Quel est le crime de Fénéon ? Qui ou quoi menace-t-il ? Quels effroyables dangers va donc amener sa seule présence parmi les êtres vivants, quels cataclysmes ? En quoi ce charmant et trop modeste écrivain, ce précieux artiste, cet ami fidèle, ce spectateur curieux des comédies de la vie, est-il un trouble, un empêchement à la digestion de M. Rouvier, à l’honneur de M. Cornelius Herz, à la manie légiférante et dénonciatrice de M. Joseph Reinach, à tous les prestiges sacrés de la République et aux prébendes qui en découlent ?
Il faudrait le savoir.
M. Félix Fénéon a une famille qui pleure, des amis qui se désolent de son absence. Il me semble que cette famille et ces amis ont le droit de savoir pourquoi, tout à coup, on le sépare d’eux ; pourquoi on les condamne, celle-ci à perdre son seul soutien, ceux-là à douter peut-être de leur ami. Car la justice a toujours d’étranges et profondes racines dans les âmes. En dépit des nombreuses atteintes qui ont terni son prestige, nous ne pouvons pas admettre facilement qu’elle torture quelqu’un, pour le plaisir, et qu’elle se fasse un jeu de la douleur des autres. Nous voulons croire qu’elle se dresse, avec son grand nom et son grand symbole, comme une digue d’honneur et de paix, contre les envahissements mauvais et les mauvaises œuvres de la politique. Pour expliquer de pareilles rigueurs, pour justifier de semblables attentats à la liberté et à l’honneur d’un citoyen, il faut donc qu’elle ait recueilli non seulement de graves soupçons, mais d’indéniables certitudes, et qu’elle les ait recueillis à des sources pures.

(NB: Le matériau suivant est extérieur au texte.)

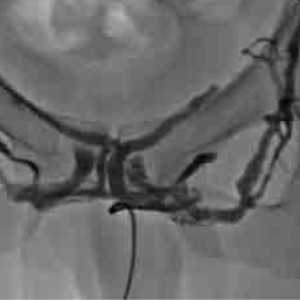 Дорсальная флебография вен полового члена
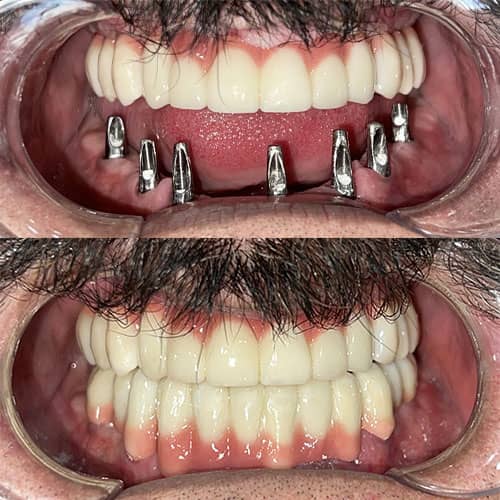 نمونه درمان ایمپلنت دندان توسط دکتر امید امیر بنده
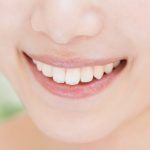 前歯のみを矯正したい！その方法と注意点を紹介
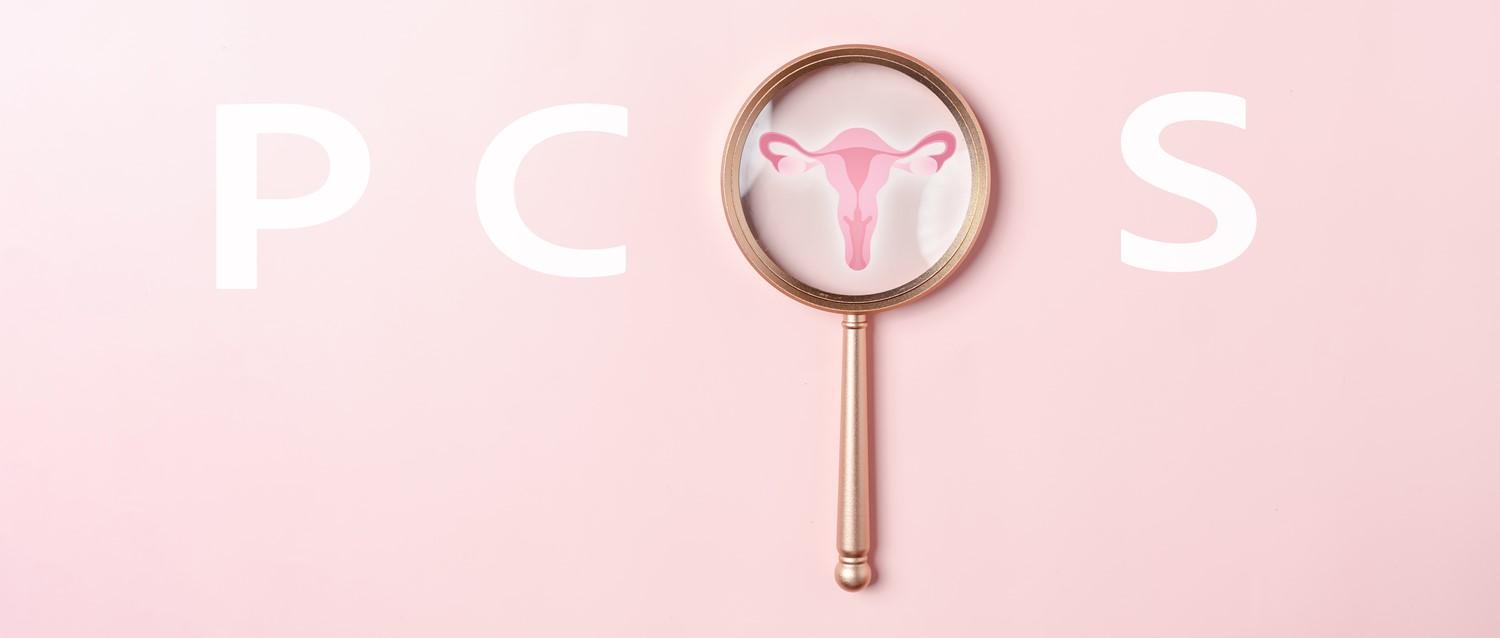 Image de l'article en vedette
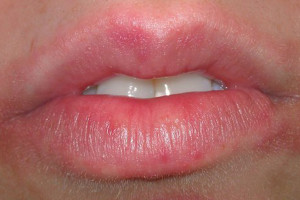 Presença de rachaduras e lesões nos lábios. 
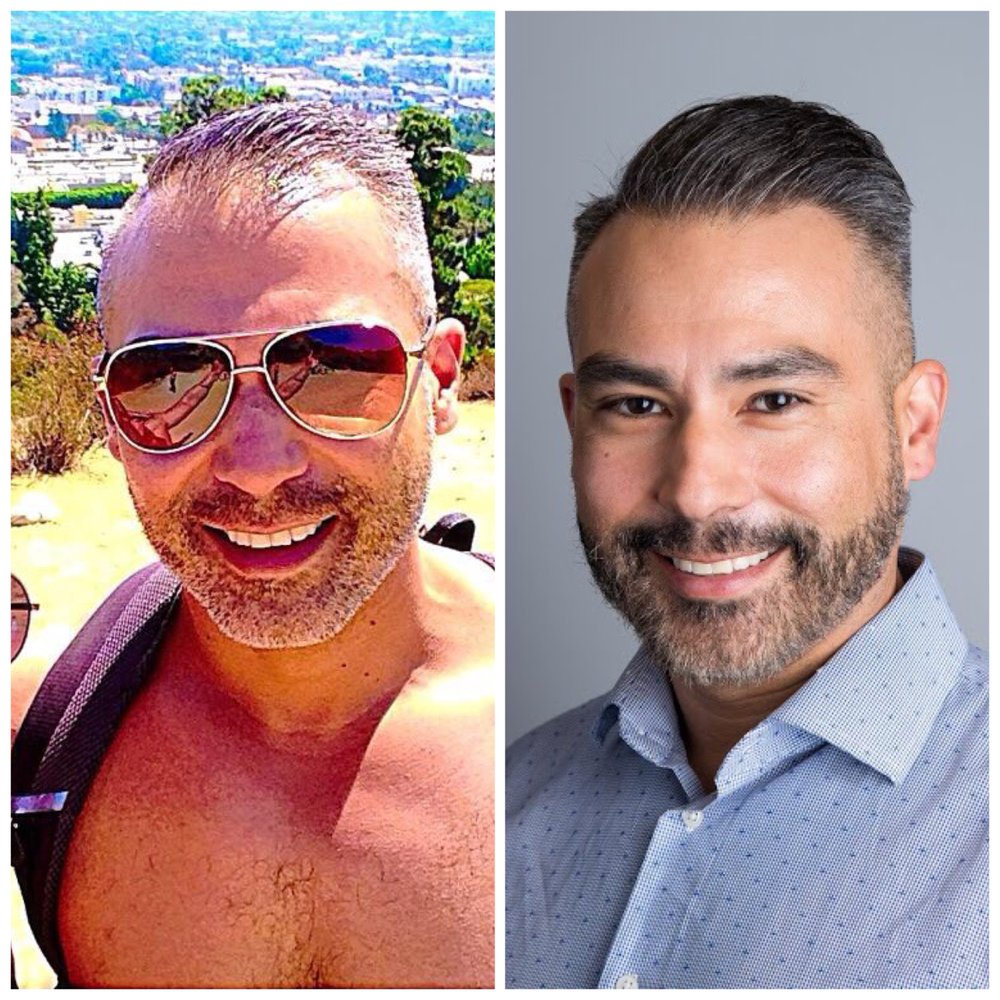 Bosley Hair Transplant Restoration 47 Photos Hair Loss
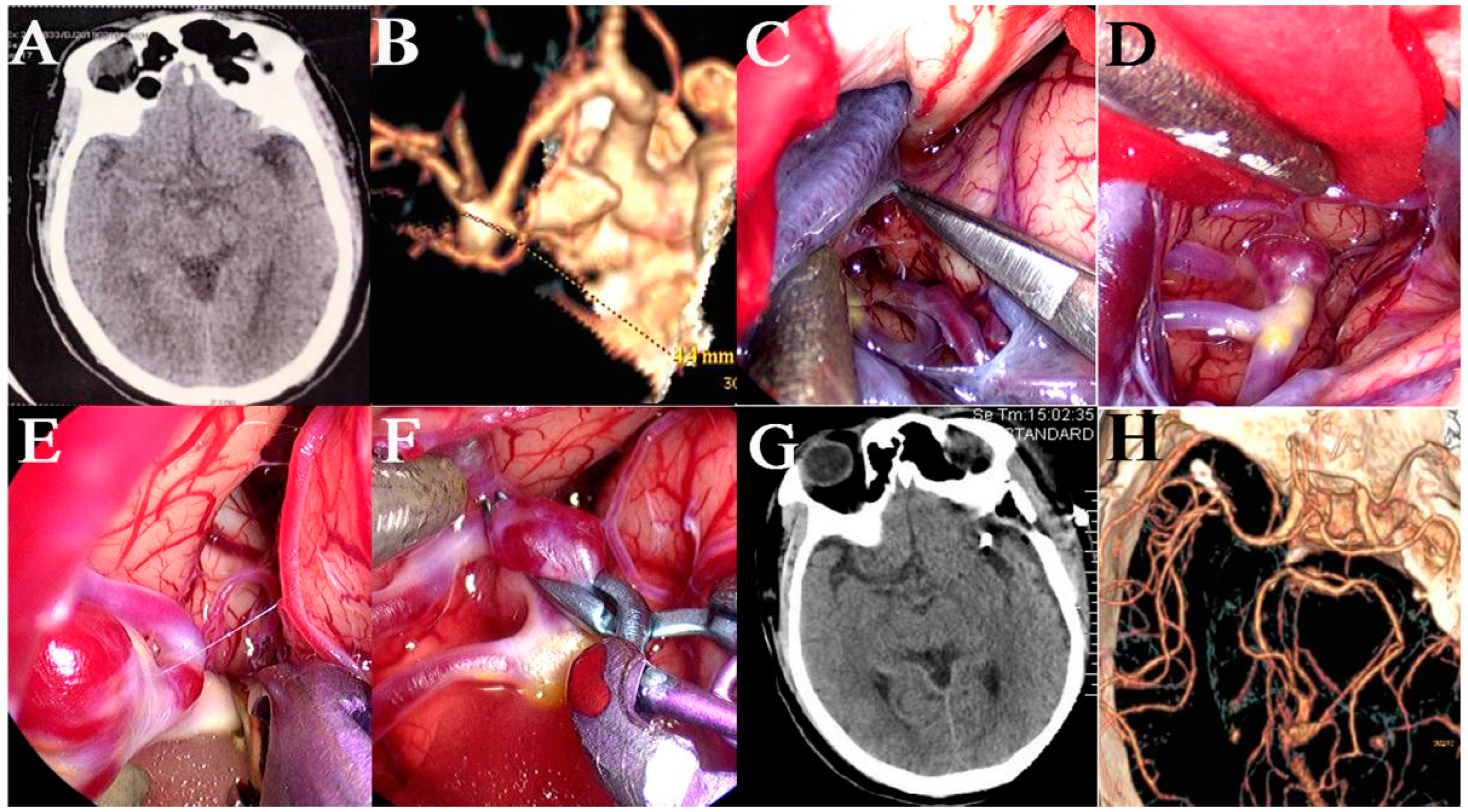 Brainsci 13 01544 g005 Brainsci 13 01544 g005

Or, nous ne savons rien, on ne veut rien nous dire, on ne peut rien nous dire. Devant les interrogations anxieuses des amis, devant cet inexprimable martyre de la mère, la police est muette, la justice est muette. La police a accompli son œuvre de ténèbres, et elle s’en lave les mains ; la justice informe. Elle informe sur des bavardages de nouvellistes et des délations de concierges, repoussant le témoignage de ceux-là qui ont vécu avec le prisonnier, qui connaissent le fond de son âme, et se portent garants de son innocence. Et, pendant ce temps, un homme est là, à qui l’on a tout pris ; un homme est là, entre quatre murs, plus pesants à son crâne que les quatre cloisons d’une bière ; un homme est là, ignorant ce qu’on veut de lui, ce qui l’attend au-delà des murs, et qui, pour reposer sa vue de l’affreuse suggestion de malheur qui suinte des pierres de la geôle, n’a que le visage indifférent de ses gardiens et l’œil du juge. Or, celui qui a vu l’œil du juge, a vu le fond de la désespérance humaine.
Il y a des choses qu’il ne faut point oublier et que nous devons redire, sans cesse, afin qu’elles pénètrent bien dans l’esprit des gens qui croient encore à la justice, et qui croient aussi à l’infamie de ceux qu’elle a marqués de son sceau. Lorsque M. Laurent Tailhade, foudroyé par la bombe, sanglant, le crâne fendu, la chair déchirée par la mitraille, râlait sur le plancher du restaurant Foyot, la justice accourut, qui, interrompant le pansement, fit subir au blessé le supplice d’un interrogatoire en règle. Au nom seul de M. Laurent Tailhade, dont elle ignorait que c’était un des plus beaux poètes de notre temps, et qu’elle ne connaissait que comme l’anarchiste qu’il n’est pas, elle avait, avec son flair coutumier, flairé en lui le criminel. Durant ces minutes de sauvage imbécillité, elle l’accusa d’avoir allumé cette bombe, et de s’être, par surcroît, « assis dedans ».
J’imagine que la méprise, en ce qui regarde Fénéon, vaut celle-là, à quelques blessures près.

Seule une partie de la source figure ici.